[TASK TO COMPLETE]
Which lines of the entries below run from the one holding "Prof. Dr. Peter" to the one holding "Coffret Royal ivoire", inclusive? Set down exactly those lines and no others.

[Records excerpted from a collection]
|---|
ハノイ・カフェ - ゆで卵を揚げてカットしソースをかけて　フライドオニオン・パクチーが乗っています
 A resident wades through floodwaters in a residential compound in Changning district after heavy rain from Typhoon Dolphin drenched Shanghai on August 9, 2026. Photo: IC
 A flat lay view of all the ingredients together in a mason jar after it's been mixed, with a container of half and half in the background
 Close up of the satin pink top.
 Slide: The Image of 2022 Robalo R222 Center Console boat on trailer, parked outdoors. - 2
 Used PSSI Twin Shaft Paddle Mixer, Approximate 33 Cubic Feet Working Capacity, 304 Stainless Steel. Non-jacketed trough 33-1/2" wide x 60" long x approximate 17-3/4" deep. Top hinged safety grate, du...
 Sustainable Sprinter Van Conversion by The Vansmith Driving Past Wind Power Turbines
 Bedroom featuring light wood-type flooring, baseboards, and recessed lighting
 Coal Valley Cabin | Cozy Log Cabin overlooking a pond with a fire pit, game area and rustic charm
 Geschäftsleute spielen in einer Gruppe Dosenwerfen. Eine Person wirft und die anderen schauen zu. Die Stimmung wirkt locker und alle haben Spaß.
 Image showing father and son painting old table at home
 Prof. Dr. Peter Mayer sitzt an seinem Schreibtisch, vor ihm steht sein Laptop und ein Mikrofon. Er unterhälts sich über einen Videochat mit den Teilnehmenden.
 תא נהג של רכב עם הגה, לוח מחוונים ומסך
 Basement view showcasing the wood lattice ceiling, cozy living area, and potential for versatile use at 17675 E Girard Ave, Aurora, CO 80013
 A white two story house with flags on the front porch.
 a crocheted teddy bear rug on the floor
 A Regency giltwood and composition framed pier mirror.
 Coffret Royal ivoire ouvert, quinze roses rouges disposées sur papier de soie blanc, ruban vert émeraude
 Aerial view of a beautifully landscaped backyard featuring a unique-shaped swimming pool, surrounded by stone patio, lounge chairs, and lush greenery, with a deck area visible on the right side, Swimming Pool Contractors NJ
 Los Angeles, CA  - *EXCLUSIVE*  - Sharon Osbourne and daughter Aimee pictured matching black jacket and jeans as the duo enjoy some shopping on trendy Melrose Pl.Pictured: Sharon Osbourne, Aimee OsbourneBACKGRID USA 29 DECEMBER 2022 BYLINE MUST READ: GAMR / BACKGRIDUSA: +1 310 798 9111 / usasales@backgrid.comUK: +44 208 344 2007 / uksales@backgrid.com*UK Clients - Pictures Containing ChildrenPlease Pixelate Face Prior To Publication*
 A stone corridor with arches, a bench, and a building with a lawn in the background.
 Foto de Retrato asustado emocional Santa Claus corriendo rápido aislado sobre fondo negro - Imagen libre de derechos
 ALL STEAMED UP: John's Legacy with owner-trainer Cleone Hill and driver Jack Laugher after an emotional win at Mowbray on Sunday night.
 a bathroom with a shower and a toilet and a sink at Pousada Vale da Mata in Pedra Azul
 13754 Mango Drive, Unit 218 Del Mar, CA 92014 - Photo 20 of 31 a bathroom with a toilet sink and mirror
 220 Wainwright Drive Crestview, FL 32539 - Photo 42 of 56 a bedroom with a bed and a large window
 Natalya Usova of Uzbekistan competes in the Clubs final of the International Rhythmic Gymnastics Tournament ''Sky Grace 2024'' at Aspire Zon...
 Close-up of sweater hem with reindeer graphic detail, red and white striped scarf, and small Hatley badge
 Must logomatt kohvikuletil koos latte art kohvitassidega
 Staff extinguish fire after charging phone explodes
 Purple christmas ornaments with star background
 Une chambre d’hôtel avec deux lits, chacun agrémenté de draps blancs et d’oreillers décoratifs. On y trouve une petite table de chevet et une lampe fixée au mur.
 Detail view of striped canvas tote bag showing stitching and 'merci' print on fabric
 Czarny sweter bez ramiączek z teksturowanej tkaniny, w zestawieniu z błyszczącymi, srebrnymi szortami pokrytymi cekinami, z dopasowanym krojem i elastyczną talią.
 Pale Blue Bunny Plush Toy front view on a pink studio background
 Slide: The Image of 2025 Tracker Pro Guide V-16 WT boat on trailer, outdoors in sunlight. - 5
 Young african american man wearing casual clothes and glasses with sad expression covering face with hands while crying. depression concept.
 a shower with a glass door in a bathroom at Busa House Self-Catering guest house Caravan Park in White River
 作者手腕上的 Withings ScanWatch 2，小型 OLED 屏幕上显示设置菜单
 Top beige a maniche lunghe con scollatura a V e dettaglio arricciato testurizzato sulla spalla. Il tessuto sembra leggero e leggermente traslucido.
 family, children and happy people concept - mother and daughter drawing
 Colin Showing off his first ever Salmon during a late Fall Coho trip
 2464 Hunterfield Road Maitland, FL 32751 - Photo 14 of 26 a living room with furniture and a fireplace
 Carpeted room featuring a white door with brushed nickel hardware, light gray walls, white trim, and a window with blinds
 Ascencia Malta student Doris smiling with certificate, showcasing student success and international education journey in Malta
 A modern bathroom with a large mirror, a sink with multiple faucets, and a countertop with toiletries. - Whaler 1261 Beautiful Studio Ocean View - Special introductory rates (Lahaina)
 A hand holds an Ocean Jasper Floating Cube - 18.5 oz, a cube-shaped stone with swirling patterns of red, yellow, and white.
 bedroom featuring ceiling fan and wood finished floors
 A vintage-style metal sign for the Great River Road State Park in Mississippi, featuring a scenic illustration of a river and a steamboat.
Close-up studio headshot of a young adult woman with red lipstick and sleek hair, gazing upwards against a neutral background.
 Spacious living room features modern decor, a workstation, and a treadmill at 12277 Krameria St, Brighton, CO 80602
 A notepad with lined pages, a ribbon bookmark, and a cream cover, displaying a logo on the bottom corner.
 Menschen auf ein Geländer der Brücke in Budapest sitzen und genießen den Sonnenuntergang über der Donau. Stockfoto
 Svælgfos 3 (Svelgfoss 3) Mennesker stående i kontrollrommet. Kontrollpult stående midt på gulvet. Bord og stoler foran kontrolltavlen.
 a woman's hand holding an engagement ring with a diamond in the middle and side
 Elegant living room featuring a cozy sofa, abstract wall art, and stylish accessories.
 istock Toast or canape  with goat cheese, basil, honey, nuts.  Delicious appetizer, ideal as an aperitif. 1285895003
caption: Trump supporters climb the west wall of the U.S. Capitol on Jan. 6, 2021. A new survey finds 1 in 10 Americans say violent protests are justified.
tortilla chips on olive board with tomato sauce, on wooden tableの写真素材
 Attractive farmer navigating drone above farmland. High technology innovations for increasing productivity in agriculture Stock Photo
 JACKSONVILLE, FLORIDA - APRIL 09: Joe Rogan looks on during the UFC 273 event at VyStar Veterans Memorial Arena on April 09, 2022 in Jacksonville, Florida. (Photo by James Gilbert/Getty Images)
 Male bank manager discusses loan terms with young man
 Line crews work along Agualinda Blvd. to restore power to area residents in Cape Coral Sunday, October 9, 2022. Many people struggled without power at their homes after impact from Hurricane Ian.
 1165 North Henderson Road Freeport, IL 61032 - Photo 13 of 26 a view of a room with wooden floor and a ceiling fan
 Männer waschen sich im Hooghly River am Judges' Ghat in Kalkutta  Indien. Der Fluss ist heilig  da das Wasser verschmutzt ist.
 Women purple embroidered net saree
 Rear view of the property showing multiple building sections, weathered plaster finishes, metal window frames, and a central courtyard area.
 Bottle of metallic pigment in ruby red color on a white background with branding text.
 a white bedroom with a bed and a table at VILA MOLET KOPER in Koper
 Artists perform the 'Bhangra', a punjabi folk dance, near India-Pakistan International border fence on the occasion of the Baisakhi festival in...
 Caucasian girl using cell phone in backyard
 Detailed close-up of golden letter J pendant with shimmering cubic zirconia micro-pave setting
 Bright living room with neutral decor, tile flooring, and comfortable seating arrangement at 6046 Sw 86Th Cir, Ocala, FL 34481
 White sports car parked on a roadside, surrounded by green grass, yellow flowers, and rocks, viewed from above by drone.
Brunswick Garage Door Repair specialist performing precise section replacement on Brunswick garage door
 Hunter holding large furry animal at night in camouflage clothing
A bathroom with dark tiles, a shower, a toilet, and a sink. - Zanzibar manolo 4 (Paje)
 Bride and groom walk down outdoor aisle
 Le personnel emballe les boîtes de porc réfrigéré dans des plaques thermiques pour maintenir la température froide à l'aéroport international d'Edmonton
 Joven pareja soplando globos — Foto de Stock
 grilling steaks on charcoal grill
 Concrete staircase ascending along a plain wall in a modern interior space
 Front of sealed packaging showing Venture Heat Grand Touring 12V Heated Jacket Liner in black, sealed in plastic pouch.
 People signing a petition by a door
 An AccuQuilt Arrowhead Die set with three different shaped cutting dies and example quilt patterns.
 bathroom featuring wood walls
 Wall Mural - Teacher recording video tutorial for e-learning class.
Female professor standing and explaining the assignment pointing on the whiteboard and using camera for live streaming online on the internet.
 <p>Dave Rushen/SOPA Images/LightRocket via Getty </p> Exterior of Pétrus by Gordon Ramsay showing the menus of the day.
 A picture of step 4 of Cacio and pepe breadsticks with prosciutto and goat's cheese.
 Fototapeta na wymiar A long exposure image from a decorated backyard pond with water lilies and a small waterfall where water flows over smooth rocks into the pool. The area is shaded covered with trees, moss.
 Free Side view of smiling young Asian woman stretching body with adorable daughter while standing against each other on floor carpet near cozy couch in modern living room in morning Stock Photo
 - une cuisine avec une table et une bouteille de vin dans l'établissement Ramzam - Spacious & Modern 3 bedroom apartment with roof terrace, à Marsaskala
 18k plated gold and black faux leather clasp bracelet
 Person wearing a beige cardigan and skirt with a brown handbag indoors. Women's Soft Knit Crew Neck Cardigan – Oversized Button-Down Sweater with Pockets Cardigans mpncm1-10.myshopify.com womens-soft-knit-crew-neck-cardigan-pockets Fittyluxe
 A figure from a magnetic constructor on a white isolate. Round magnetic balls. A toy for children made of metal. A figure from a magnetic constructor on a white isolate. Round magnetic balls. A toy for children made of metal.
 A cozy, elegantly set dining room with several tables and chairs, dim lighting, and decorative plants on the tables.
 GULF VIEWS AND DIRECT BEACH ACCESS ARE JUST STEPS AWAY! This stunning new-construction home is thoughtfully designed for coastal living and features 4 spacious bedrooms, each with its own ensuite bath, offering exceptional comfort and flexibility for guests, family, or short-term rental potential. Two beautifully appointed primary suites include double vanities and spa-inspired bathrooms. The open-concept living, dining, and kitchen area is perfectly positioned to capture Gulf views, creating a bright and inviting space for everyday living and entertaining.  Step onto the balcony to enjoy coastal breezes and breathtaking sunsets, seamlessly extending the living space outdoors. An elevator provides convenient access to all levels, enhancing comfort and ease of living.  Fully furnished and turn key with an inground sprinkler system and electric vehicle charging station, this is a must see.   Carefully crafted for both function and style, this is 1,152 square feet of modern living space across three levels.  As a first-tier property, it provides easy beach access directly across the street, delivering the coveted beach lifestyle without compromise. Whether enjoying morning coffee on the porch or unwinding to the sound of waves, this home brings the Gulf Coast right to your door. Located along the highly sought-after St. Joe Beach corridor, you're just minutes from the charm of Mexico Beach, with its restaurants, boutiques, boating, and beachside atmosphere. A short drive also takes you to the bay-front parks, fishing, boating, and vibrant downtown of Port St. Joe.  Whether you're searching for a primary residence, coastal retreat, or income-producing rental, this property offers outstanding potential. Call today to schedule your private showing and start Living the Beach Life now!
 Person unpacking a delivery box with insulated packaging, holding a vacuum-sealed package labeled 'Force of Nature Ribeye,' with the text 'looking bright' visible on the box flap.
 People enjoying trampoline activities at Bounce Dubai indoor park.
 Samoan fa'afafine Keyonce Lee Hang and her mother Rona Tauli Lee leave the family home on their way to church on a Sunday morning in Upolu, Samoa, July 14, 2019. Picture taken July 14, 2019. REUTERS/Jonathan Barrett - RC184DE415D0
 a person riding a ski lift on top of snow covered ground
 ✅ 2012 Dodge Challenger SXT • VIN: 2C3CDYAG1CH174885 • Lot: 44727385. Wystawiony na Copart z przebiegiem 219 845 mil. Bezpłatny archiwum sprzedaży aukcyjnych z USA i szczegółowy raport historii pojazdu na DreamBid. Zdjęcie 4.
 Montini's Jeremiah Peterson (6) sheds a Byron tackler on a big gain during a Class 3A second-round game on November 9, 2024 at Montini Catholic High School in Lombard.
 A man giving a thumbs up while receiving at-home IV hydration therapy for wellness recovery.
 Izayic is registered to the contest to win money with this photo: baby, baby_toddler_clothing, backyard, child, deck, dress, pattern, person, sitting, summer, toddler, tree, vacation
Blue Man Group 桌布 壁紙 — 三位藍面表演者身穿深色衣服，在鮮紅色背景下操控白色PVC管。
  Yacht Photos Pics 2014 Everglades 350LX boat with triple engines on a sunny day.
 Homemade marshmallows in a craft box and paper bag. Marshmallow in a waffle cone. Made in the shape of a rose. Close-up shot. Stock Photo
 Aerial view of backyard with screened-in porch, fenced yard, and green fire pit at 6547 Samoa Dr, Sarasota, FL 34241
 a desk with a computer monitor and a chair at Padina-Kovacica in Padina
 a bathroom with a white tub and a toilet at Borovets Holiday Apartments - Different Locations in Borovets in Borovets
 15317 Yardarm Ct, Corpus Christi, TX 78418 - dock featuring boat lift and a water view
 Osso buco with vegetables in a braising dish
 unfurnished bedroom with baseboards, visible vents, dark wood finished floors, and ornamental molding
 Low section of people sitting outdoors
|---|
[ANSWER AREA]
 Prof. Dr. Peter Mayer sitzt an seinem Schreibtisch, vor ihm steht sein Laptop und ein Mikrofon. Er unterhälts sich über einen Videochat mit den Teilnehmenden.
 תא נהג של רכב עם הגה, לוח מחוונים ומסך
 Basement view showcasing the wood lattice ceiling, cozy living area, and potential for versatile use at 17675 E Girard Ave, Aurora, CO 80013
 A white two story house with flags on the front porch.
 a crocheted teddy bear rug on the floor
 A Regency giltwood and composition framed pier mirror.
 Coffret Royal ivoire ouvert, quinze roses rouges disposées sur papier de soie blanc, ruban vert émeraude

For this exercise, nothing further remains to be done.